For the first time in Florida or Caribbean waters, restored massive corals were observed spawning - part of sexual reproduction that could result in the next generation of coral offspring - thanks to Mote Marine Laboratory & Aquarium's innovative efforts to restore Florida's Coral Reef. In August 2020, Mote coral scientists observed colonies of mountainous star coral (Orbicella faveolata) on a reef near Cook Island release their gametes in an extraordinary display. This is the first time that restored massive corals have been documented to spawn on Florida’s Coral Reef.

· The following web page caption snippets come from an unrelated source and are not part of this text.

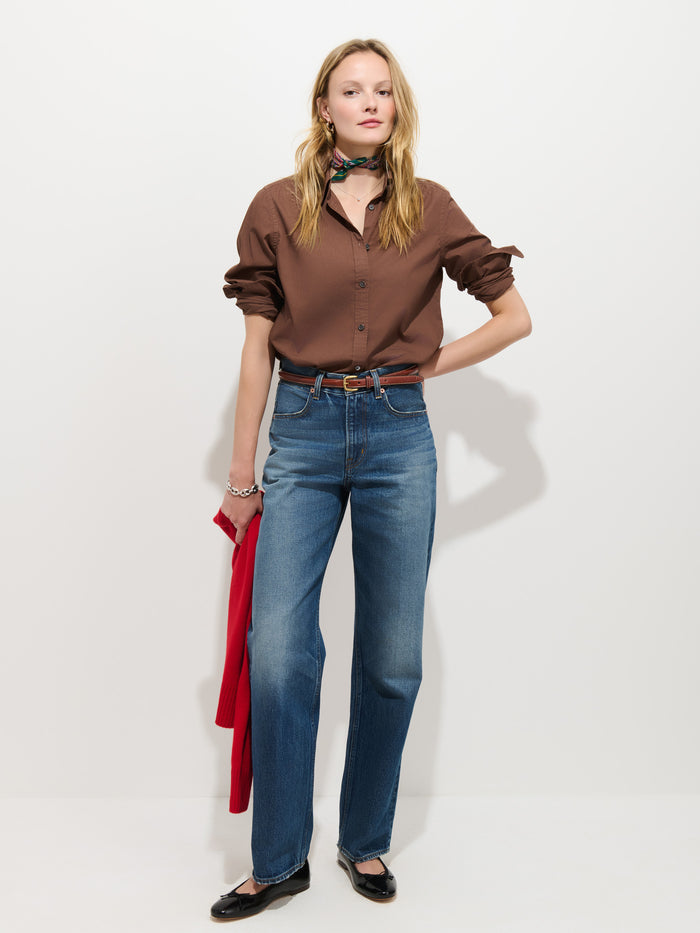 A woman stands against a white background wearing the Gracie Shirt in Poplin—a classic, button-up brown shirt—paired with blue jeans, black flats, and a neck scarf. She holds a red jacket in her left hand and has her right hand on her hip.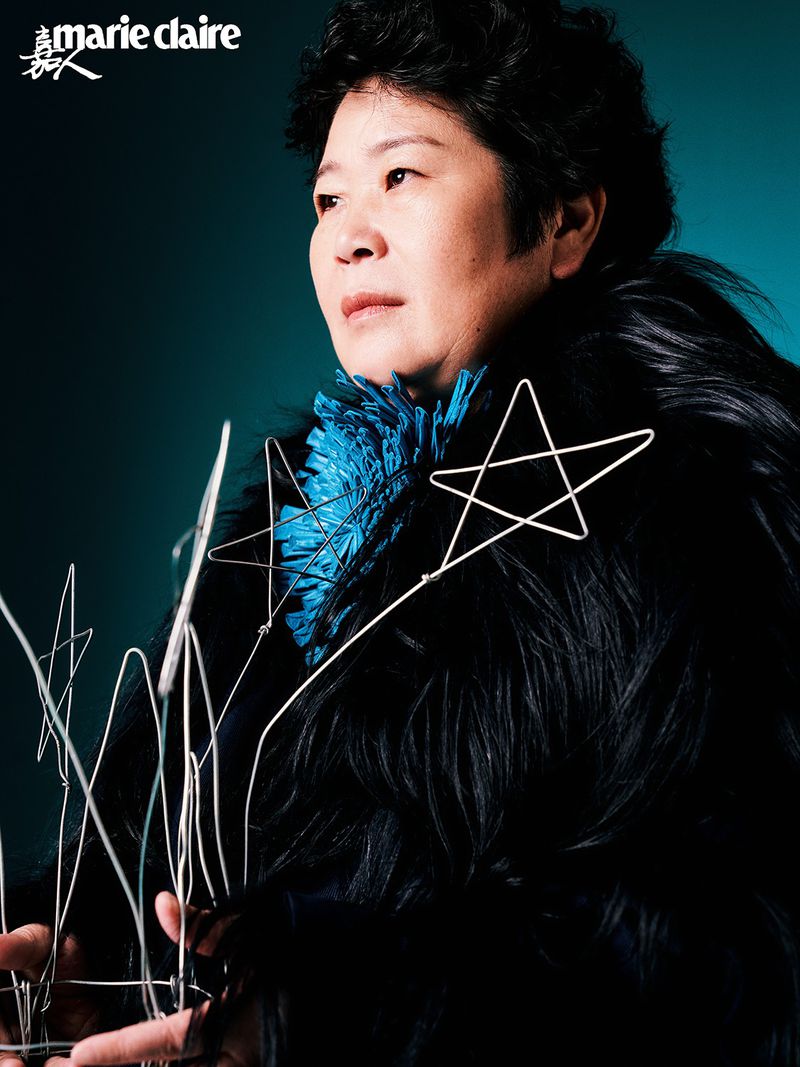 Portrait of an Asian woman with short black hair, wearing a dark coat and a blue top, posing with star-shaped props in a dark studio.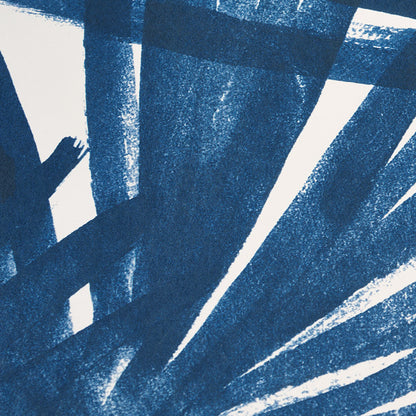 Blue palm leaf pattern with a tropical sunlit motif on a pale background.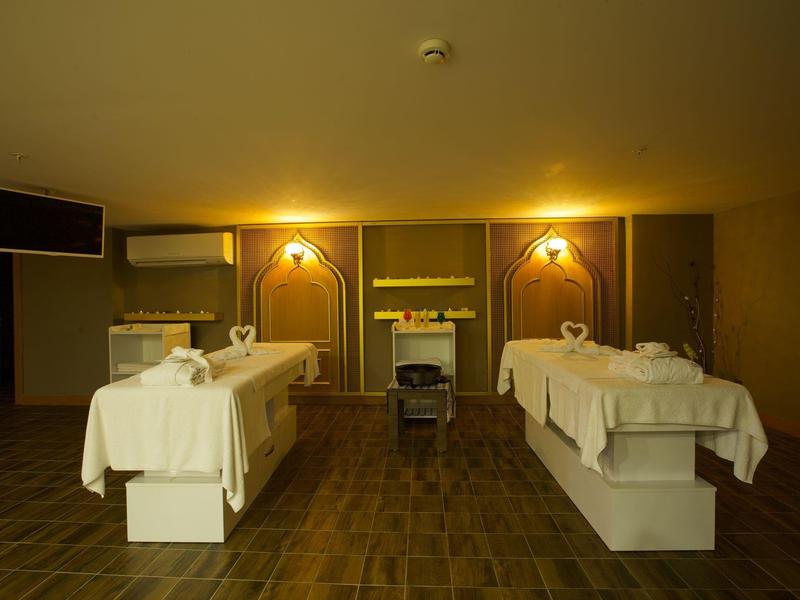 Sala de spa tranquila con dos camillas blancas, luz cálida y diseño minimalista.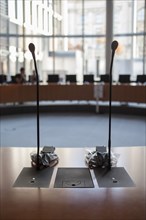 Microphones at desk in meeting room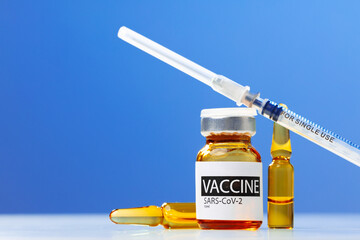 Sars-cov-2 vaccine vial and syringe on white table
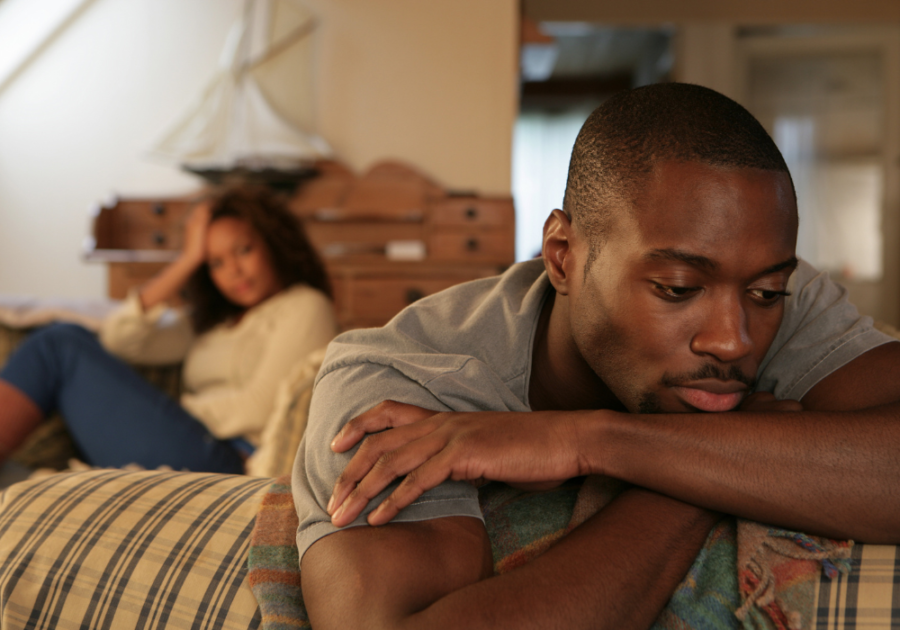 man looking unhappy while leaning in couch signs of a weak man in a relationship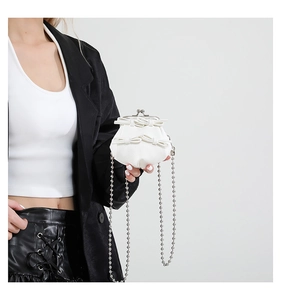 Close-up of mini white bow bag with pebble leather texture and silver ball chain strap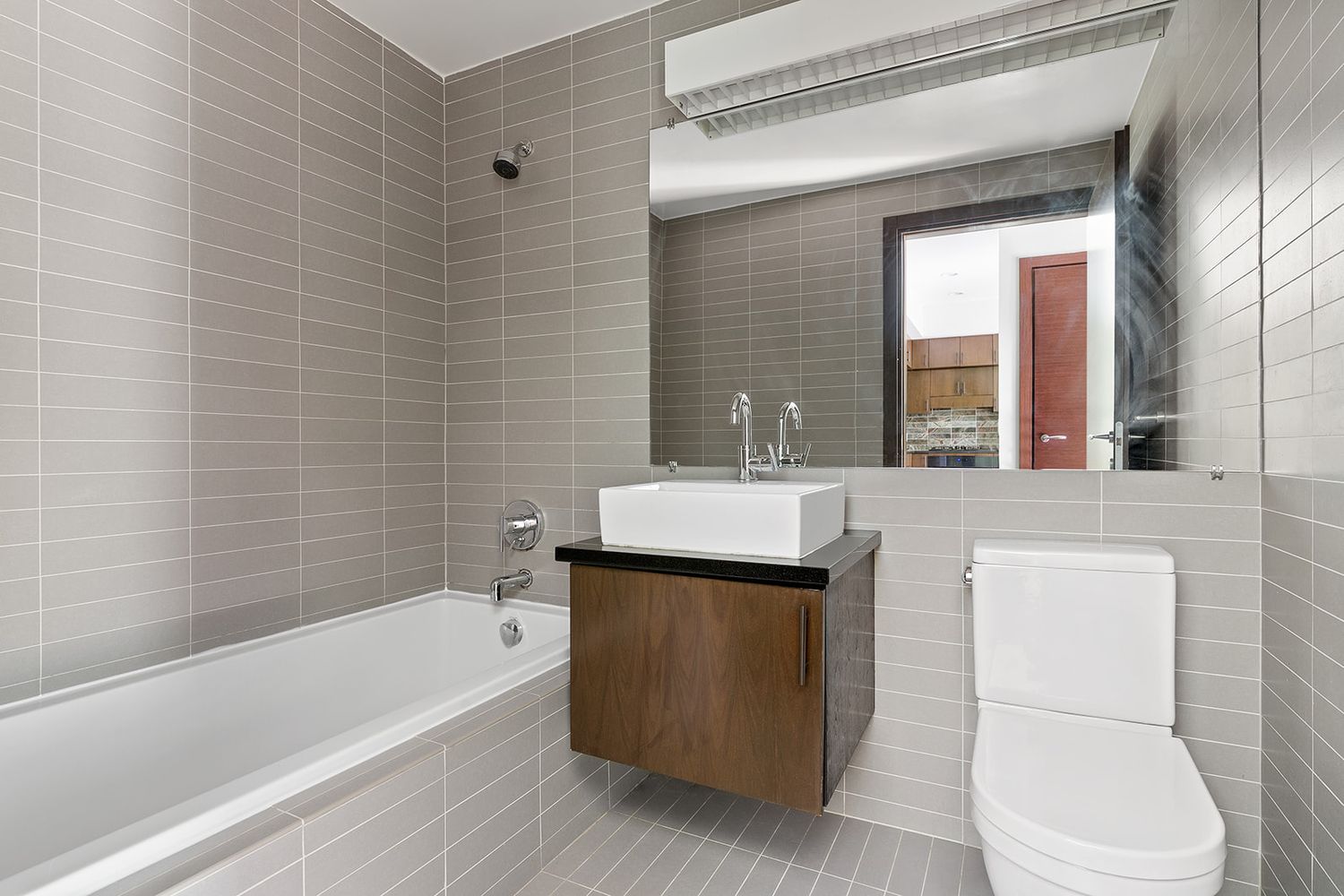 150 Myrtle Avenue, Unit 805 Brooklyn, NY 11201 - Photo 8 of 26 a bathroom with a sink a toilet and bathtub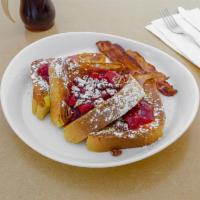 French Toast Delight · French toast topped with pecans, your choice of fruit compote, and your choice of 2 sausage ...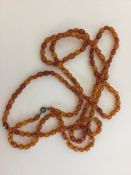 A graduated string of faceted amber beads. Approx.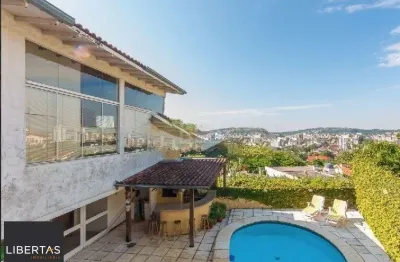 Casa com 5 quartos à venda na Rua Coroados, 536, Vila Assunção, Porto Alegre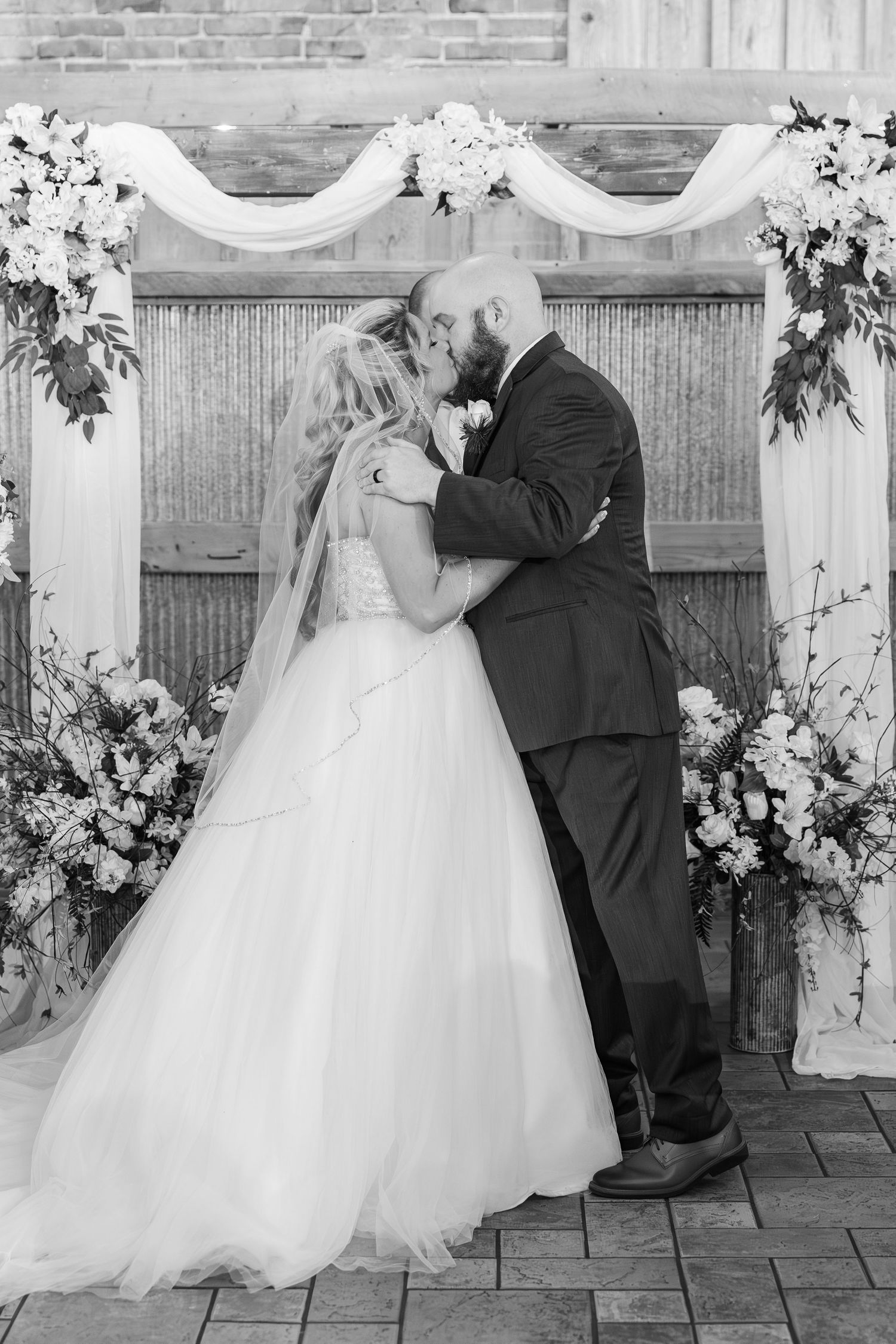 A romantic wedding portrait in black and white against a decorated ceremony backdrop with white draping.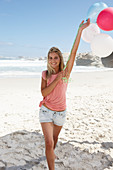 Junge Frau mit Luftballons im rosa Top und Jeansshorts am Strand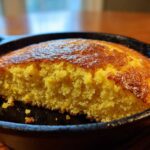 Close-up of golden, moist skillet cornbread baked in a cast iron pan with a piece removed.
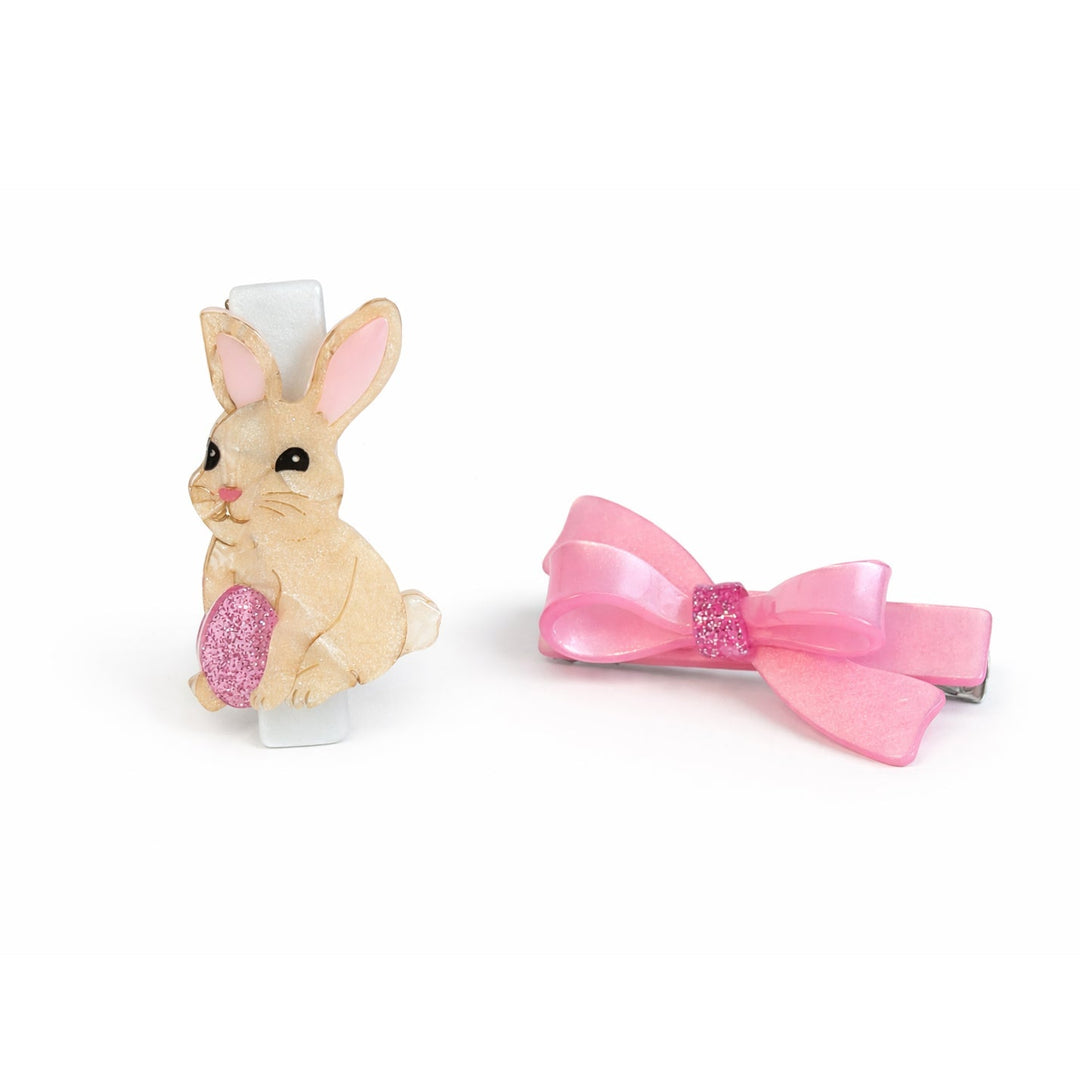 Bunny-shaped hair clip with a pink bow on a white background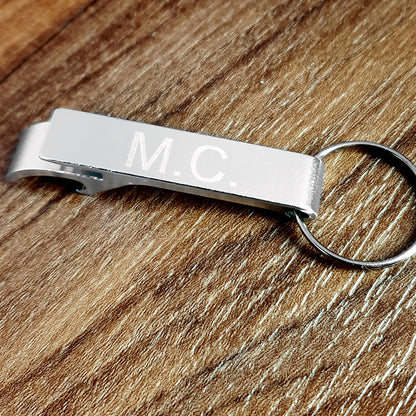 metal bottle opener keyring with M.C. engraved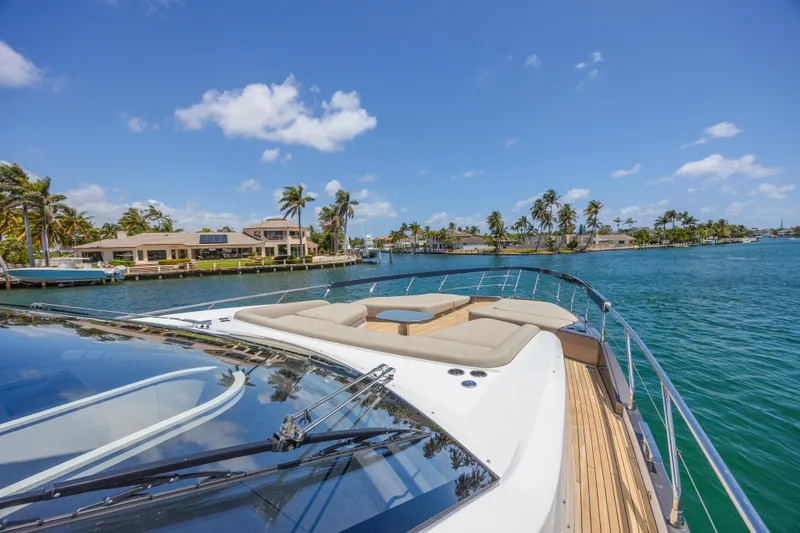 Slide: The Image of 2023 Azimut S8 yacht cruising on a sunny day with palm trees in the background. - 16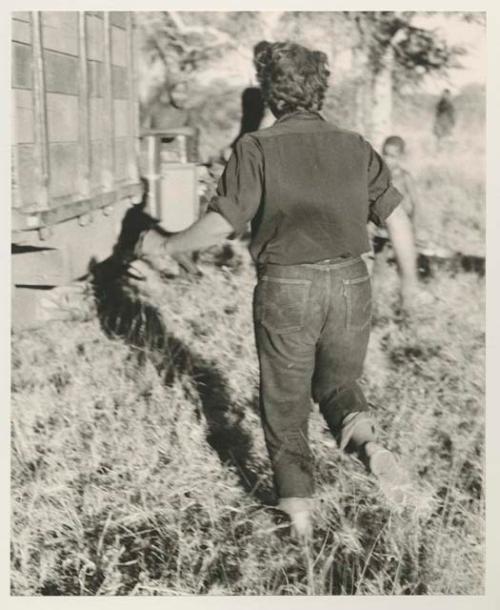 Elizabeth Marshall Thomas walking toward expedition truck

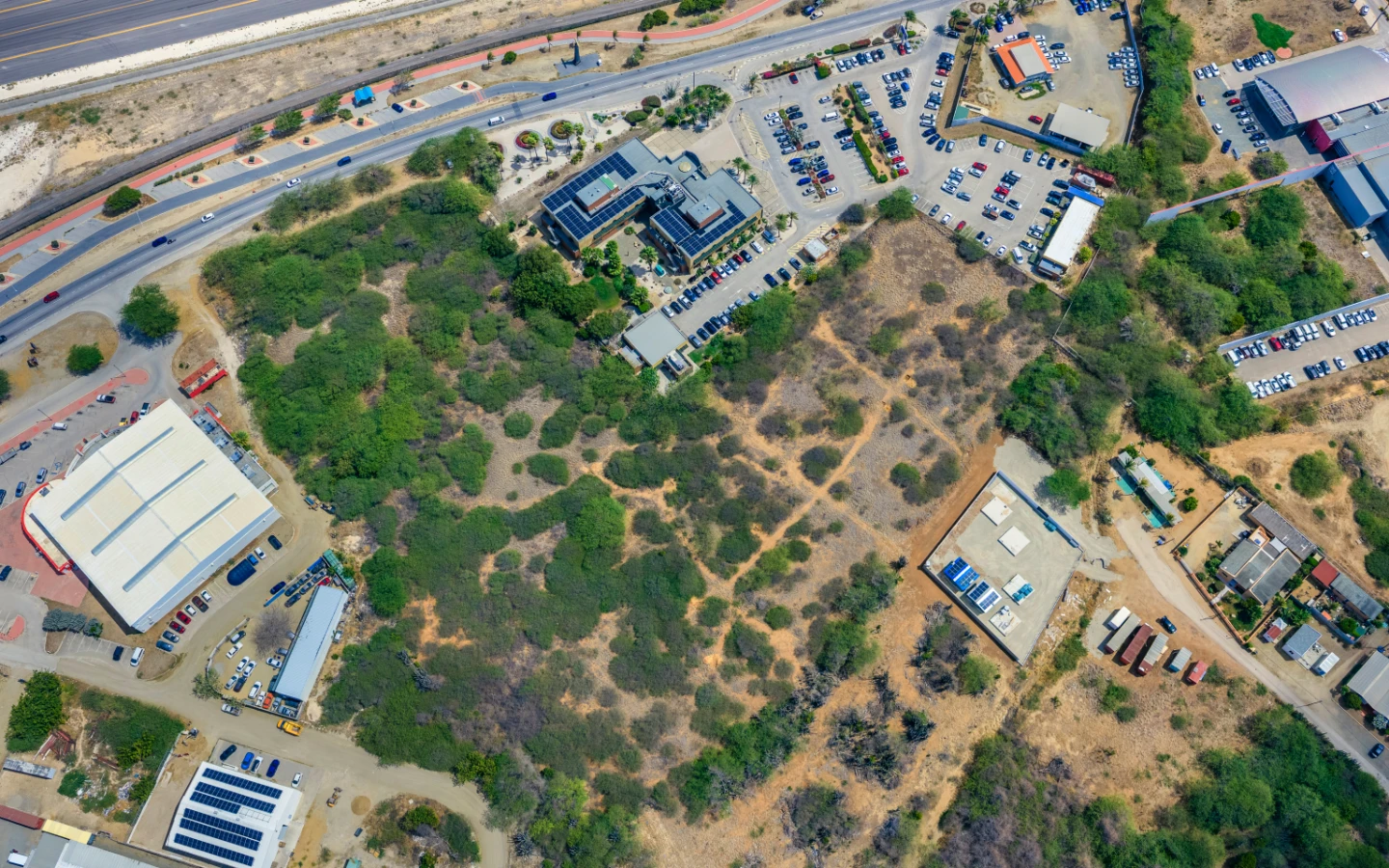 Overhead aerial of the 26,200 m2 Camacuri land parcel beside Aruba Bank on the main road, Aruba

Aquarium succeeds in second lab-induced spawning of threatened species

White specs float around coral
Rare pillar coral spawns under artificial conditions at The Florida Aquarium Coral Conservation Complex in Apollo Beach. Photo: The Florida Aquarium

The Atlantic pillar coral (Dendrogyra cylindrus) successfully spawned for the second consecutive year at The Florida Aquarium Center for Conservation’s Induced Coral Spawning Lab. A total of 14 corals spawned over three days, and larvae were created through assisted fertilization of 11 separate genotypes. The original collection locations of the corals range from Northern Miami to Sand Key Sanctuary Preservation Area, 7 miles west of Key West. All but one tiny piece of the parent colonies are now dead in the wild. Larvae were settled at The Florida Aquarium and additional larvae were transferred to Nova Southeastern University and the Smithsonian Marine Station at Fort Pierce. The Pillar Coral Genetic Rescue Project is conducted under Florida Keys National Marine Sanctuary permit to Dr. Cynthia Lewis at Keys Marine Laboratory and Dr. Karen Neely at Nova Southeastern University.

Mote expands coral restoration work

nursery growing coral
Mote plans to build a land-based coral nursery in Islamorada, Florida, at Bud N' Mary's Marina. (Photo: Dan Mele)

On June 8, 2020, Mote Marine Laboratory & Aquarium announced plans to build an additional land-based coral nursery in Islamorada, Florida, and an expanded coral gene bank in Sarasota County, Florida. Corals raised in the Islamorada nursery will support Mission: Iconic Reefs and Islamorada Conservation and Restoration Education. I.CARE engages citizen-divers to help outplant and monitor Mote-supplied coral fragments onto Islamorada's reefs. The gene bank, purposefully chosen to be built at an inland location, will be housed in a Category 5 hurricane resistant building, with state-of-the-art environmental systems and controls.